[Saved data entries]
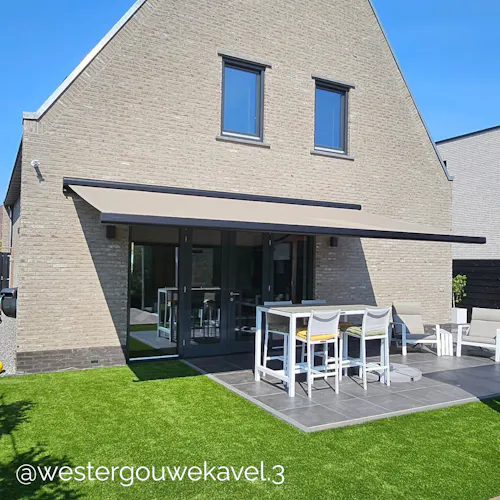 Interieur van @westergouwekavel3 met raambekleding van inhuis plaza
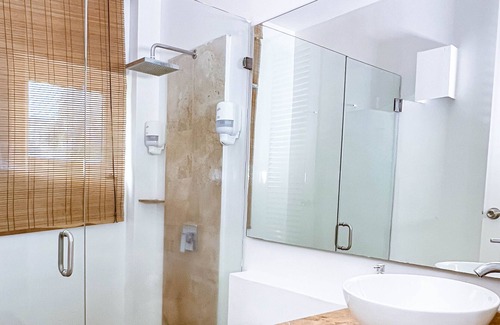 Historic Center House | King Bed With Private Terrace and Pool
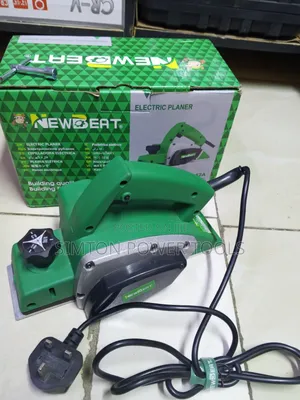 Heavy-Duty Newbeat Electric Planer 570w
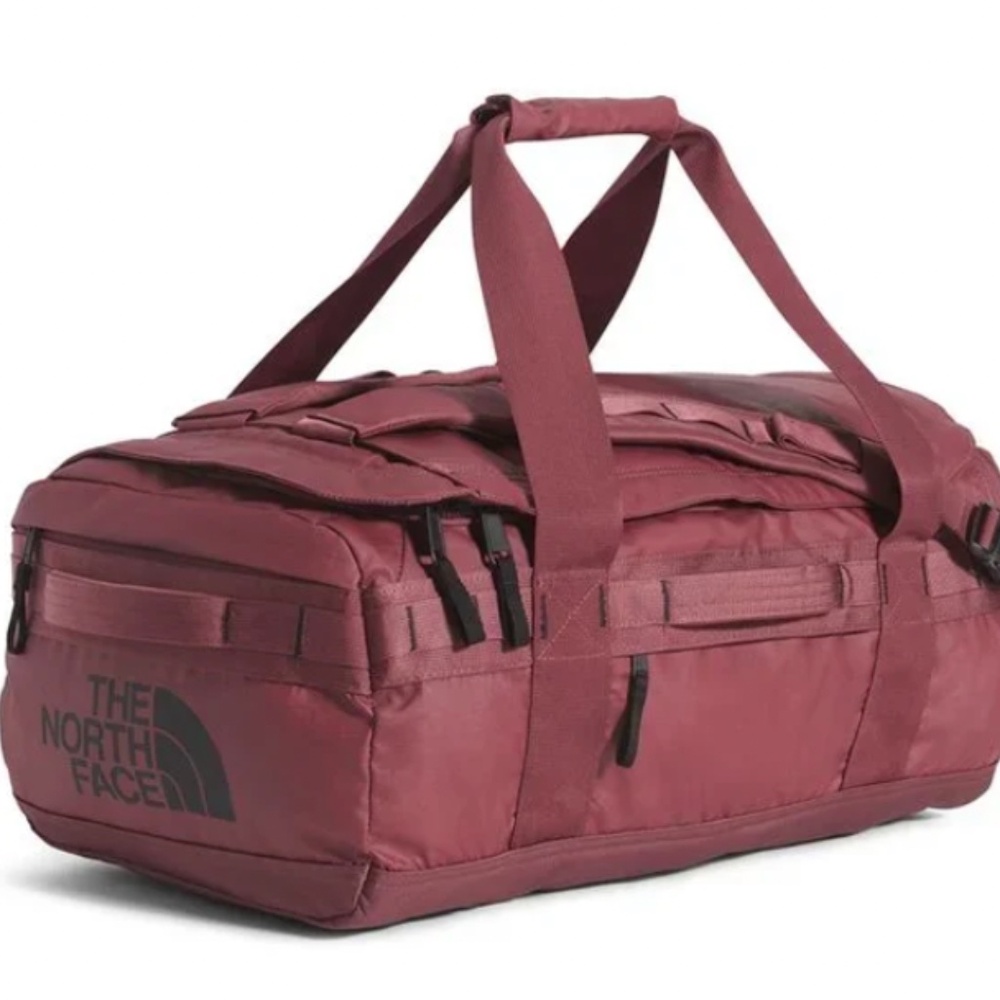 NWT North Face Base Camp Voyager Duffel 42L in Wild Ginger/TNF Black
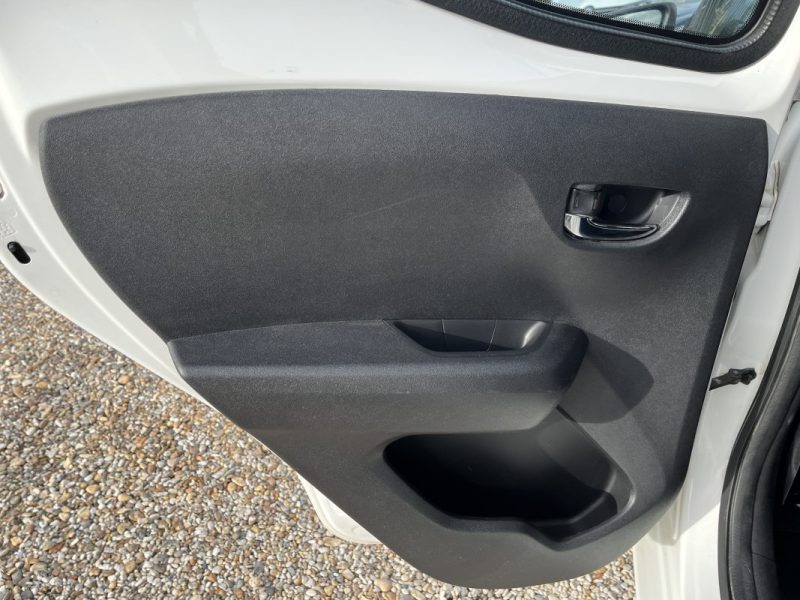 TOYOTA AYGO 1.0 VVT-I 69cv Active 5 portes 09/2017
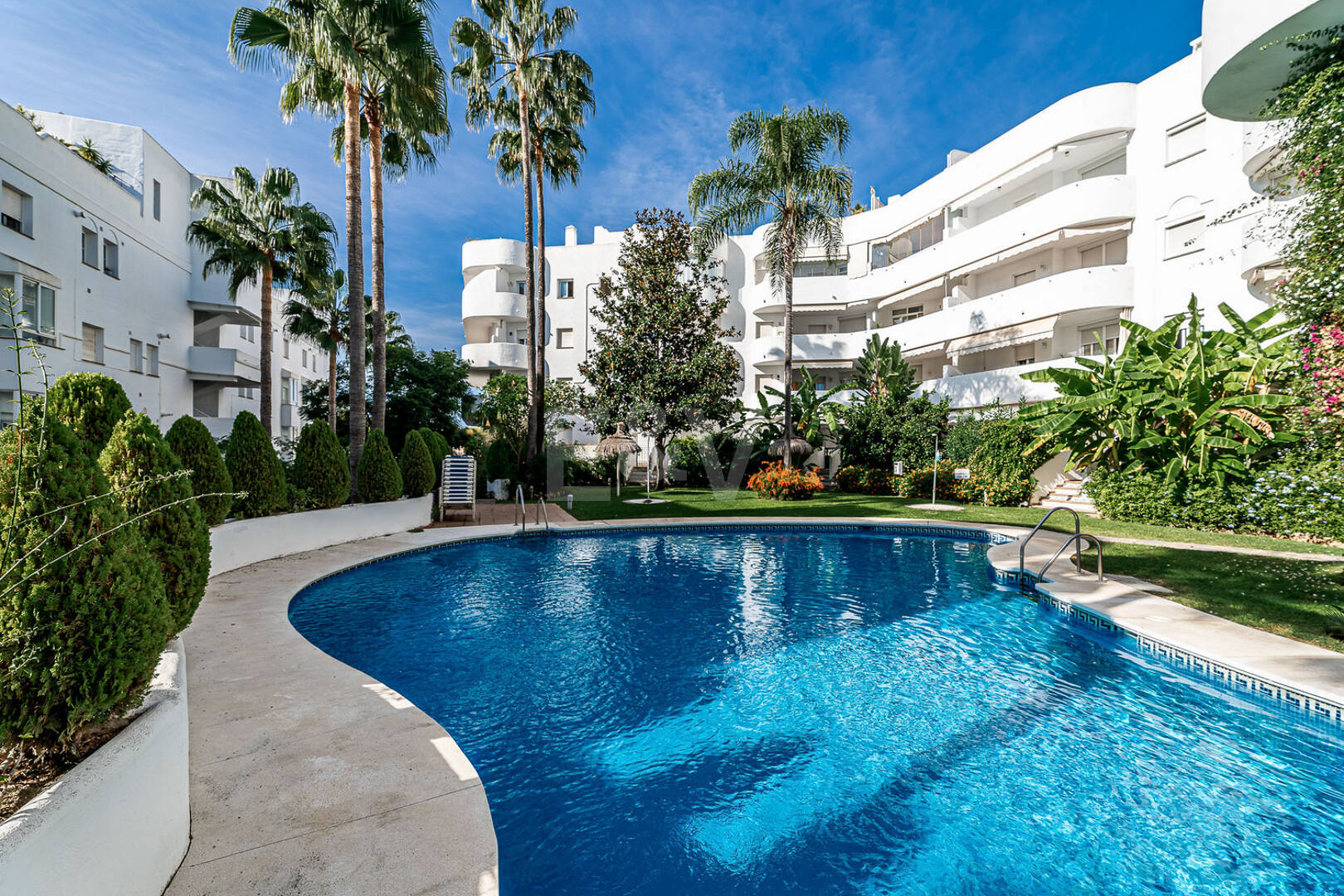 Impresionante ático con vistas panorámicas al mar en la Milla de Oro de Marbella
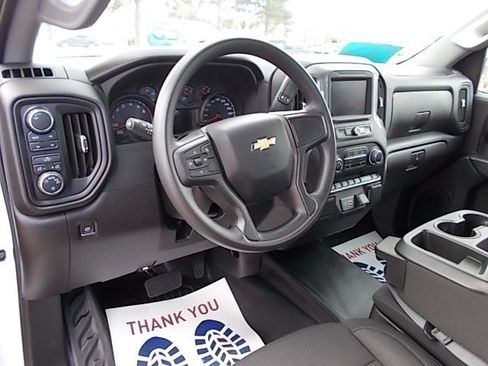 Used 2024 Chevrolet Silverado 1500 W/T w/ Z71 Off-Road Package image 11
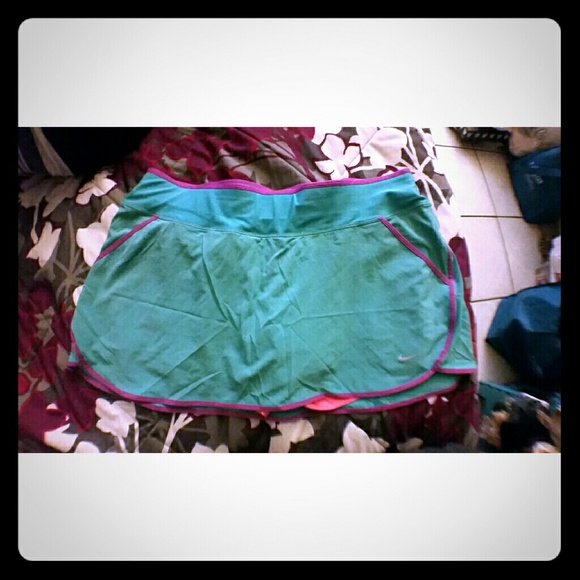 🔴SOLD🔴Brand new Nike dri-fit skirt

TASK TO CARRY OUT: An exact restatement of the lines from the one holding "NWT North Face" through the end of the entries, both ends included, is the whole answer. Pictures stay out.

ANSWER TO THIS PROBLEM:
 NWT North Face Base Camp Voyager Duffel 42L in Wild Ginger/TNF Black
 TOYOTA AYGO 1.0 VVT-I 69cv Active 5 portes 09/2017
 Impresionante ático con vistas panorámicas al mar en la Milla de Oro de Marbella
 Used 2024 Chevrolet Silverado 1500 W/T w/ Z71 Off-Road Package image 11
 🔴SOLD🔴Brand new Nike dri-fit skirt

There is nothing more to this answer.